Hell According to Rodin

OCT.11.2017           JAN.28.2018

Exhibition in Barcelona. Fundación MAPFRE Casa Garriga Nogués Exhibition Hall

Le Penseur, sur élément de chapiteau, 1881-1888 (detalle)
Musée Rodin, París. S.03469
© agence photographique du musee Rodin – Pauline Hisbacq

Exhibition

 

OCT.11.2017         JAN.28.2018

Location

Casa Garriga Nogués
Diputació, 250. 08007 Barcelona

Between 11 October 2017 and 28 January 2018, our proposal for Barcelona is an exploration of one of the icons of art from the ‘fin de siècle’ period, The Gates of Hell by Auguste Rodin. This exhibition brings together a hundred sculptures and around thirty drawings, that have only been shown on rare occasions, plus various mock-ups and models that give an insight into the creative process of the sculptor and the evolution that the Gates were subjected to over the years. Considered the central work of the French sculptor’s career, who spent more than twenty years working on it, this monumental piece offers a spectacular view of hell, frenzied and tempestuous, yet also sensual and evocative.

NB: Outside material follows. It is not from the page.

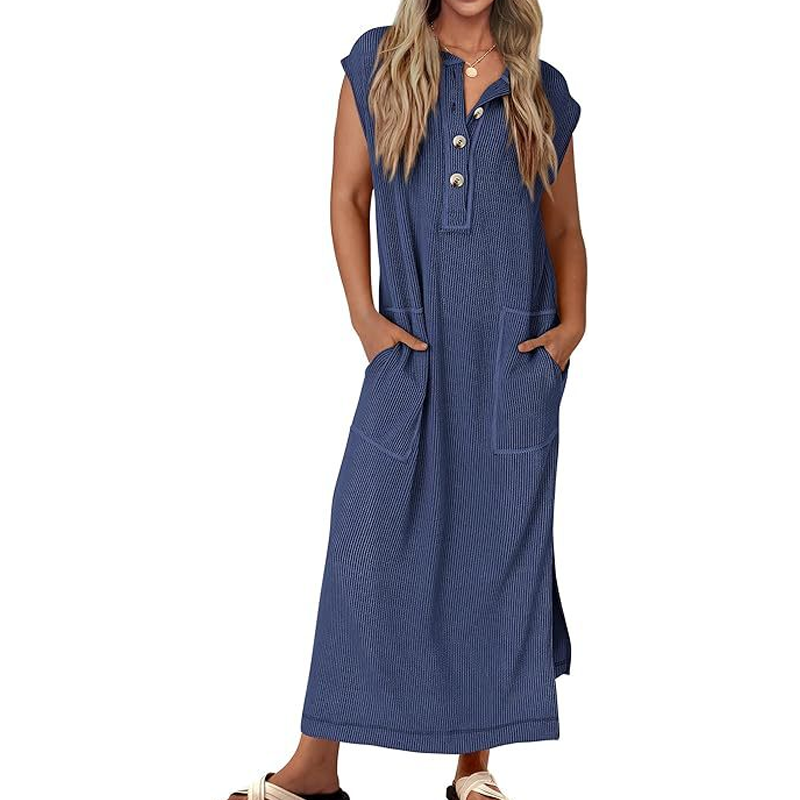 ⏳Time-limited Special⏰Women's Ribbed Knit Henley Maxi Dress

The exhibition Hell according to Rodin is produced by Fundación MAPFRE and the Musée Rodin of Paris which has made exceptional loans.

Musée Rodin
In 1880, Auguste Rodin, still virtually unknown as an artist, was given the commission that would change his life: a monumental portal decorated with bas-reliefs to represent Dante’s Divine Comedy. The work was to serve as the entrance to a museum of decorative art that the French State wished to open. Although it was a relatively modest assignment, Rodin put all his energy and creative heart and soul into it. Over the following years he worked on both the architectural aspect of the portal and also on the hundreds of figures and groups that populate it, creating new ways of expressing human passion in great detail.

Rodin was initially inspired by Dante’s Inferno, but in a very personal way, without wishing to offer a literal illustration of the text. As he progressed with the concept of the portal, he began to imbue it with the sensual and tormented spirit of the collection of poems by Charles Baudelaire, The Flowers of Evil. Thus, hell as a place of punishment based on Dante’s moral vision became transformed into a state of the soul, an inner personal torment. These painful sentiments are nuanced with more ambiguous expressions and sensuality and seduction erupt in the depths of hell. The result was the creation of a deeply original and radically modern version of Hades.

The exhibition Hell according to Rodin, organized to coincide with the centenary of the death of the artist, looks back over the history of this iconic work that the artist never considered to be finished, and which was exhibited only once. The sculptures, models and drawings provide an insight into Rodin’s creative process, as well as his career as a whole, in that the Gates reflect a condensed version of his stylistic explorations out of which came some of his best known works such as The Thinker, The Kiss and Ugolino, considered to be genuine landmarks in the History of Art.

Living forms: Rodin, fascinated by the body, whether in pain, violent or erotic, drew, made models of and retouched hundreds of groups and figures for his portal. Not all of them were incorporated into it in the end, but far from discarding them, the sculptor breathed new life into them, expanding them, forming new groups and making them the sole protagonists. Many of them went on to become some of his most iconic works.

The Thinker: Originally crowning The Gates of Hell, The Thinker probably represented Minos, a judge who sentenced the damned to one of the circles of hell according to their sins. But Rodin did not hesitate in changing this interpretation, converting him into an image of Dante the poet, mulling over his work and, by extension, turning him into an allegorical self-portrait. Enlarged in 1903, it became the sculptor’s most iconic work, completing his metamorphosis as the representation of a man who concentrates his whole body into the act of thinking.

The Kiss: In one of the most famous passages of the Divine Comedy, Dante is moved when listening to Francesca da Rimini tell the story about her forbidden love for Paolo Malatesta. Rodin rejects the picturesque, and creates an idealized image of a couple exchanging their first lovers’ kiss. Rodin decided not to include this group in his Gates of Hell, almost certainly because it was too big and too idyllic, but it didn’t escape the attention of French State, which commissioned a large marble version of the work in 1888.

A hinge between two centuries: Although Rodin’s Gates depicts hell as an intimate torment that can be classed as being part of the end-of-the-century ambience of symbolism, his work also marked the start of modernity in sculpture, employing concepts such as the value of the unfinished, multiplication and fragmentation. For Rodin The Gates of Hell was an authentic creative laboratory, thus making it one of the most iconic sculptural works of the 19th century.